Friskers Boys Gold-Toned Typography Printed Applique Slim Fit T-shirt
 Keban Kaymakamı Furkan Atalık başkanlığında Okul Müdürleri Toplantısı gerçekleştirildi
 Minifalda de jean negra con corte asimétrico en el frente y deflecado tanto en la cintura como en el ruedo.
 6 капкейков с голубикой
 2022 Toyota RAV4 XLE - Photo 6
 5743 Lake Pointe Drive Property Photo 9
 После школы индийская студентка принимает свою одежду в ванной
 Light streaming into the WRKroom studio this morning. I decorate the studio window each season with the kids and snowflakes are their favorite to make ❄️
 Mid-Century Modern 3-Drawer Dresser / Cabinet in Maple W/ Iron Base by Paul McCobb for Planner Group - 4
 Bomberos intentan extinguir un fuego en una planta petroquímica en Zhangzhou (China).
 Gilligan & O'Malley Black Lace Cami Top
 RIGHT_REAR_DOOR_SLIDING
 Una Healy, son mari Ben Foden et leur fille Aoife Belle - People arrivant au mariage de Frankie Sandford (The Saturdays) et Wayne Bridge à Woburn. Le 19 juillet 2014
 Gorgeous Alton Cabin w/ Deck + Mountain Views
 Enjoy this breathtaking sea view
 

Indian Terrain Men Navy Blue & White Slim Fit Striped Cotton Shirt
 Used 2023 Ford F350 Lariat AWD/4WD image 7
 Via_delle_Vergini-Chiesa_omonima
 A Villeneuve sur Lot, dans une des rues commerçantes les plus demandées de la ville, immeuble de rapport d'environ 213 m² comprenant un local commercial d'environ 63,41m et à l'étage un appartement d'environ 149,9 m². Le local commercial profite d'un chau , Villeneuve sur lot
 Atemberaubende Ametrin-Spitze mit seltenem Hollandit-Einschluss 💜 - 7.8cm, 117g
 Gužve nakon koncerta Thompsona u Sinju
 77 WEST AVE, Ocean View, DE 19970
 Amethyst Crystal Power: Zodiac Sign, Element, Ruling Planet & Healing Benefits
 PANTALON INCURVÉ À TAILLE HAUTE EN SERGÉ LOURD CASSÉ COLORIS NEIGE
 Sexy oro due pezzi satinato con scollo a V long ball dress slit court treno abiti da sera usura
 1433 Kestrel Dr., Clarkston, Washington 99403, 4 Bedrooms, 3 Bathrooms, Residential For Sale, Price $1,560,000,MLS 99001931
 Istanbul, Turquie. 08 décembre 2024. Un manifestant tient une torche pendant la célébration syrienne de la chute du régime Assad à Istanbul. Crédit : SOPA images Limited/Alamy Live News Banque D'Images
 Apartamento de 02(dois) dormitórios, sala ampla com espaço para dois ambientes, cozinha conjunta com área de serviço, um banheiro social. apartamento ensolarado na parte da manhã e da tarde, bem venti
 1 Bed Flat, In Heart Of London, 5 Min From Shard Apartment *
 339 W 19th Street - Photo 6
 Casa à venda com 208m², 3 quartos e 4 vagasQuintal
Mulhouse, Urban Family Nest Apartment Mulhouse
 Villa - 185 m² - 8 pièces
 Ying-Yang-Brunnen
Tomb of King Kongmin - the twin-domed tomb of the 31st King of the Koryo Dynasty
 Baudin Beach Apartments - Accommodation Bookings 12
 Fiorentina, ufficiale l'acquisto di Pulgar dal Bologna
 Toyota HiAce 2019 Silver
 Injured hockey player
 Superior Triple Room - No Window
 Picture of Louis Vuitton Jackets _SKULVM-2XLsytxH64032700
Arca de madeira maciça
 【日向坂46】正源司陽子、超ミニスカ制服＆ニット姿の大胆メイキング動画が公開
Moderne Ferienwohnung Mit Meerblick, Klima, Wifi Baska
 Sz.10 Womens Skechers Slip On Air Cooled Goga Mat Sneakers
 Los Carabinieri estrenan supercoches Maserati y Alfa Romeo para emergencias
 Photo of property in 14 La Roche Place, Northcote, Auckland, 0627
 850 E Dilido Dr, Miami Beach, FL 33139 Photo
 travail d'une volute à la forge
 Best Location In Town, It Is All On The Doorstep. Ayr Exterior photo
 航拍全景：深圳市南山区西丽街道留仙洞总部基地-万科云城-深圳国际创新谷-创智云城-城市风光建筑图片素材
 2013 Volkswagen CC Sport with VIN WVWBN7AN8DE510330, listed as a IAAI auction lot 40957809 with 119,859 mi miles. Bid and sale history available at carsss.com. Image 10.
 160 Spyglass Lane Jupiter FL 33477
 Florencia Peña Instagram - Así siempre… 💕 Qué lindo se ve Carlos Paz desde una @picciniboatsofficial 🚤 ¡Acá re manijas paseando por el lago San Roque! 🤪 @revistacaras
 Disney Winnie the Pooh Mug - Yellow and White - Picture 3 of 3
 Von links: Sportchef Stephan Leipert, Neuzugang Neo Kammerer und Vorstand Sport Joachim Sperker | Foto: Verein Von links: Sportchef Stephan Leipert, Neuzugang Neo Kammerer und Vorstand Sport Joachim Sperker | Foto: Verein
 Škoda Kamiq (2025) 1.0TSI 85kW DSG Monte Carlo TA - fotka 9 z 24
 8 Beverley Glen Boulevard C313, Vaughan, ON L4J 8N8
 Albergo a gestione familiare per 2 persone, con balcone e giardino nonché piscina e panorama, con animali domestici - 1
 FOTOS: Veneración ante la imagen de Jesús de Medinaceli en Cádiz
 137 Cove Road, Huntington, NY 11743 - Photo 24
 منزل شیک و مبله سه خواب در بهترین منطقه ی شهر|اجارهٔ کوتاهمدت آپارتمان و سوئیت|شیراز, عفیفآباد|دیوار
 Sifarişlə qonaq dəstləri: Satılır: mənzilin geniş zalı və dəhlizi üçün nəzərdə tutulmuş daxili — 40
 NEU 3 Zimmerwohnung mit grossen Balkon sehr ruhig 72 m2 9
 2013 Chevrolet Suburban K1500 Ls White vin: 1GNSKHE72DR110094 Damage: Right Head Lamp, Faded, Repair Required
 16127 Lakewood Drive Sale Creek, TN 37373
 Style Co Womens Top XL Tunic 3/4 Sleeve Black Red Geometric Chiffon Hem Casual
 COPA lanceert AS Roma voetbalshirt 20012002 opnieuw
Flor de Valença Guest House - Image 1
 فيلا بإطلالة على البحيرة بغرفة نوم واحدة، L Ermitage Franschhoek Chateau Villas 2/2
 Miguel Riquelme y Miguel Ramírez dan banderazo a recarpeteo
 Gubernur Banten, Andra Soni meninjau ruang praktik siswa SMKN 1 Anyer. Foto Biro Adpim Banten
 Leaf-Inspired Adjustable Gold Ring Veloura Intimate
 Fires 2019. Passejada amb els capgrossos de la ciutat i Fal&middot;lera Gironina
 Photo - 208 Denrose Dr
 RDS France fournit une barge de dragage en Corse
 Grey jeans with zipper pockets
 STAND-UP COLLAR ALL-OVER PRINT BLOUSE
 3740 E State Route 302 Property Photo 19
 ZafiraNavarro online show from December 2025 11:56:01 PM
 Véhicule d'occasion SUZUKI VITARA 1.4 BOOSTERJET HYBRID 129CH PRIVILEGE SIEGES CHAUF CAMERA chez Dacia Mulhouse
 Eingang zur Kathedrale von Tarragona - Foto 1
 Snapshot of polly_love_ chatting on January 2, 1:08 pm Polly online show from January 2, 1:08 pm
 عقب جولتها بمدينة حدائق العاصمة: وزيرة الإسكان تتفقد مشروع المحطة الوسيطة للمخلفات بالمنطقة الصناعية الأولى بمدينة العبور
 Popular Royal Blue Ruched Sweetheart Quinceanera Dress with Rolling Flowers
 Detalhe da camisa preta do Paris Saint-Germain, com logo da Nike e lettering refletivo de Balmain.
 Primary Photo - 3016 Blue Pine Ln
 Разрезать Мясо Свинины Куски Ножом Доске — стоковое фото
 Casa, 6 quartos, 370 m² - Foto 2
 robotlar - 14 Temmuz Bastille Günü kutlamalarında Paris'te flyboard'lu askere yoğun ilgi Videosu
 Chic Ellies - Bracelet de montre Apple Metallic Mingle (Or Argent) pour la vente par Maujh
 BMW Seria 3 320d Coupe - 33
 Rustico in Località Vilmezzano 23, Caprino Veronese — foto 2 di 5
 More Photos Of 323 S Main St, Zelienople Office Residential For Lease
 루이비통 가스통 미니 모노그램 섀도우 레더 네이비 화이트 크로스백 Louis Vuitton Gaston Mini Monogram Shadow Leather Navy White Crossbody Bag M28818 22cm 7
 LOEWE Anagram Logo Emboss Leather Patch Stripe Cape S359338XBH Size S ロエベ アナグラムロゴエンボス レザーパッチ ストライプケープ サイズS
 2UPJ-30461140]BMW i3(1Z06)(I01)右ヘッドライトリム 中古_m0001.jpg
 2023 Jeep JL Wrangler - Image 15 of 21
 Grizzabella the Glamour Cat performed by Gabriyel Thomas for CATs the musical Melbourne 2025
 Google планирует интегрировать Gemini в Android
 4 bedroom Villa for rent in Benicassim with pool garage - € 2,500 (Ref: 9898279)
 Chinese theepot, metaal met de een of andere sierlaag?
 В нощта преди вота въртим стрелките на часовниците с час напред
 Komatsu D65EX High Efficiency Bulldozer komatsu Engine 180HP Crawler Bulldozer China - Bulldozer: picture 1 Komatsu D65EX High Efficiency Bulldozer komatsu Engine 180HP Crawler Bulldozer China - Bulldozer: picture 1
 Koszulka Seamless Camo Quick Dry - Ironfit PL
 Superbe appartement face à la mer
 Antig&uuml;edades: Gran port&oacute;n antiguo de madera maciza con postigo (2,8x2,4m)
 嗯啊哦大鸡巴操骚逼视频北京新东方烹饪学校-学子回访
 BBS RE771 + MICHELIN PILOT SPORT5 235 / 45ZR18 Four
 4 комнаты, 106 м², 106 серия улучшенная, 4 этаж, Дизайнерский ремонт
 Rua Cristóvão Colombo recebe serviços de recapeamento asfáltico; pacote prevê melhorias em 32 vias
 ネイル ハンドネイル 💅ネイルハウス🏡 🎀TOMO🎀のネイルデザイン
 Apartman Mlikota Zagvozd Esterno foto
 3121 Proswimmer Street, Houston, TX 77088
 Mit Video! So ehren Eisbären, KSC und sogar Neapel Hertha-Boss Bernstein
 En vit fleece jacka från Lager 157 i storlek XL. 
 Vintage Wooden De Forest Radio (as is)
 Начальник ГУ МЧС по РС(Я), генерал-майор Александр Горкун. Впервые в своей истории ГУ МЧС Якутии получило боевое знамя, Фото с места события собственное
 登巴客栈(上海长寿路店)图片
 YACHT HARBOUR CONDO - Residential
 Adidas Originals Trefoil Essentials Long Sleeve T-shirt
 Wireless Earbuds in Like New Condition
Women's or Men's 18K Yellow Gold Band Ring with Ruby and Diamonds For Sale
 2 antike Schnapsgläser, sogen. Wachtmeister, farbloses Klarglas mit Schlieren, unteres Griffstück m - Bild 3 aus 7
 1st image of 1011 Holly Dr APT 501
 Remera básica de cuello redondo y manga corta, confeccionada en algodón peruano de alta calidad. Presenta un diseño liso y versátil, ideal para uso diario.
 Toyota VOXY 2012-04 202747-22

****************************************

### YOUR TASK
When you retype the data above, start at its first line, stop after the line containing "Enjoy this breathtaking sea view", and leave out everything else.

### EXPECTED ANSWER
Friskers Boys Gold-Toned Typography Printed Applique Slim Fit T-shirt
 Keban Kaymakamı Furkan Atalık başkanlığında Okul Müdürleri Toplantısı gerçekleştirildi
 Minifalda de jean negra con corte asimétrico en el frente y deflecado tanto en la cintura como en el ruedo.
 6 капкейков с голубикой
 2022 Toyota RAV4 XLE - Photo 6
 5743 Lake Pointe Drive Property Photo 9
 После школы индийская студентка принимает свою одежду в ванной
 Light streaming into the WRKroom studio this morning. I decorate the studio window each season with the kids and snowflakes are their favorite to make ❄️
 Mid-Century Modern 3-Drawer Dresser / Cabinet in Maple W/ Iron Base by Paul McCobb for Planner Group - 4
 Bomberos intentan extinguir un fuego en una planta petroquímica en Zhangzhou (China).
 Gilligan & O'Malley Black Lace Cami Top
 RIGHT_REAR_DOOR_SLIDING
 Una Healy, son mari Ben Foden et leur fille Aoife Belle - People arrivant au mariage de Frankie Sandford (The Saturdays) et Wayne Bridge à Woburn. Le 19 juillet 2014
 Gorgeous Alton Cabin w/ Deck + Mountain Views
 Enjoy this breathtaking sea view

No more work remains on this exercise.